The Jehovah’s Witnesses Are About to Lose Their Tax-Exempt Status in Australia November 30, 2020

The Jehovah’s Witnesses Are About to Lose Their Tax-Exempt Status in Australia

The Jehovah’s Witnesses are in danger of losing their tax exempt status in Australia because they refuse to play their part in addressing allegations of child abuse.

Here’s the backstory: In 2013, the Australian government set up the Royal Commission into Institutional Responses to Child Sexual Abuse to look into the very serious issue. Rabbis were implicated alongside Catholic priests. Secular organizations weren’t immune from wrongdoing.

One of the recommendations from that Commission was the creation of the National Redress Scheme, a formal way to literally pay back victims of child sex abuse for all they had suffered.
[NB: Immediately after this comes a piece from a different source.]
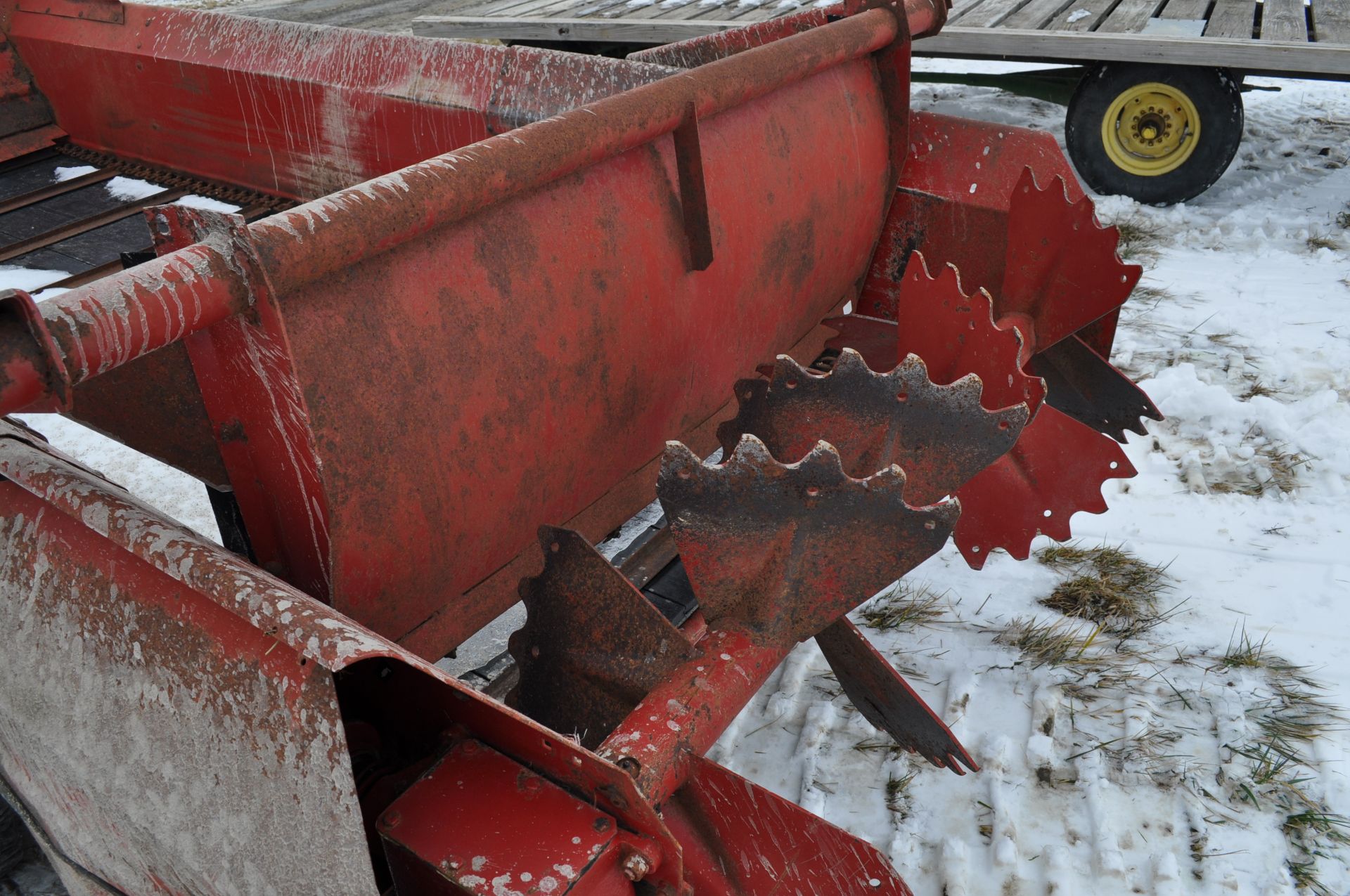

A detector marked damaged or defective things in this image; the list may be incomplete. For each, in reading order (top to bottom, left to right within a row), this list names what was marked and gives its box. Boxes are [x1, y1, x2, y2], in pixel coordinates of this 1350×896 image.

rusted toothed disc [718, 348, 1020, 507]
rusted toothed disc [656, 434, 956, 644]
It’s not a perfect system by any means — could anything be? — but the idea behind it was that victims could fill out paperwork explaining what they went through, officials would calculate what that trauma is worth, and victims would receive a check. Among the many criticisms was that the NRS pushed a hierarchy of abuse; penetration was deemed more damaging than any other kind of abuse, for example. (That’s a discussion for another thread.)
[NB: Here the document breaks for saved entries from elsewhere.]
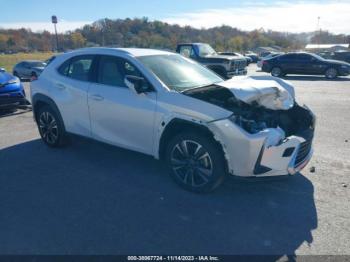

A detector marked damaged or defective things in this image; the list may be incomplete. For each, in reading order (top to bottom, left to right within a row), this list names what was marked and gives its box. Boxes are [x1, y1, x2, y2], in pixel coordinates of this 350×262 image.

damaged white suv [30, 48, 314, 192]
exposed headlight [228, 114, 266, 134]
crumpled hood [216, 75, 296, 110]
damaged front bumper [206, 115, 316, 177]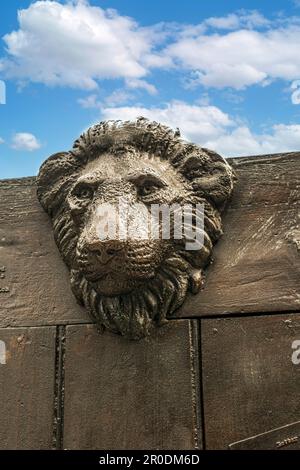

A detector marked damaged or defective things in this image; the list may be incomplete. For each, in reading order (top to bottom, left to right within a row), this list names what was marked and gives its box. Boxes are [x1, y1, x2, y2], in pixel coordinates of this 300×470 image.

rusty metal panel [0, 324, 55, 450]
rusty metal panel [62, 322, 202, 450]
rusty metal panel [200, 314, 300, 450]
In order to receive any payment, though, the guilty organizations had to agree to be part of the NRS system. Those that refused to join were always going to be named and shamed. Even more, the government said that groups that chose not to join would no longer be eligible for any kind of federal funding and could even lose their non-profit status.

Back in July, six organizations were announced as having not joined the program. (One of them quickly signed up after that announcement.) These were groups that were responsible for cases of child sex abuse… but because they refused to take part in the NRS, their victims’ applications could not be processed.

One of those groups was the Jehovah’s Witnesses.

In 2016, the Royal Commission said the Witnesses did not adequately protect children from child sex abuse.

Why weren’t the Witnesses taking part in the NRS?

Jehovah’s Witnesses argued it did not have the “institutional settings” needed to be covered by the National Redress Scheme.

“Jehovah’s Witnesses understand that, to date, there have been less than 10 applicants to the redress scheme who have referred to the religion of Jehovah’s Witnesses,” the organisation’s Tom Pecipajkovski told the ABC.

Jehovah’s Witnesses have responded and will continue to respond directly to individual claims for redress in a caring, fair, and principled manner, taking into consideration the unique circumstances of each claim.

That was about as comforting as the Catholic Church saying they would handle all abuse cases internally. If you were trustworthy in the first place, we wouldn’t be in this mess.

Individual Catholic churches, by the way, joined the NRS. Even they knew this was preferable to dealing with a non-stop flurry of lawsuits.

But not the Witnesses. They believed they were above all this.

And now they may finally pay a price for it.

The government is now planning legislation that would make good on their threats to revoke the tax exempt status of those non-participating organizations. That includes the Witnesses.

Social Services Minister Anne Ruston issued a tweet this week explaining how the government would soon have “power to deregister a charity” that didn’t take “reasonable steps” to participate in the Redress Scheme.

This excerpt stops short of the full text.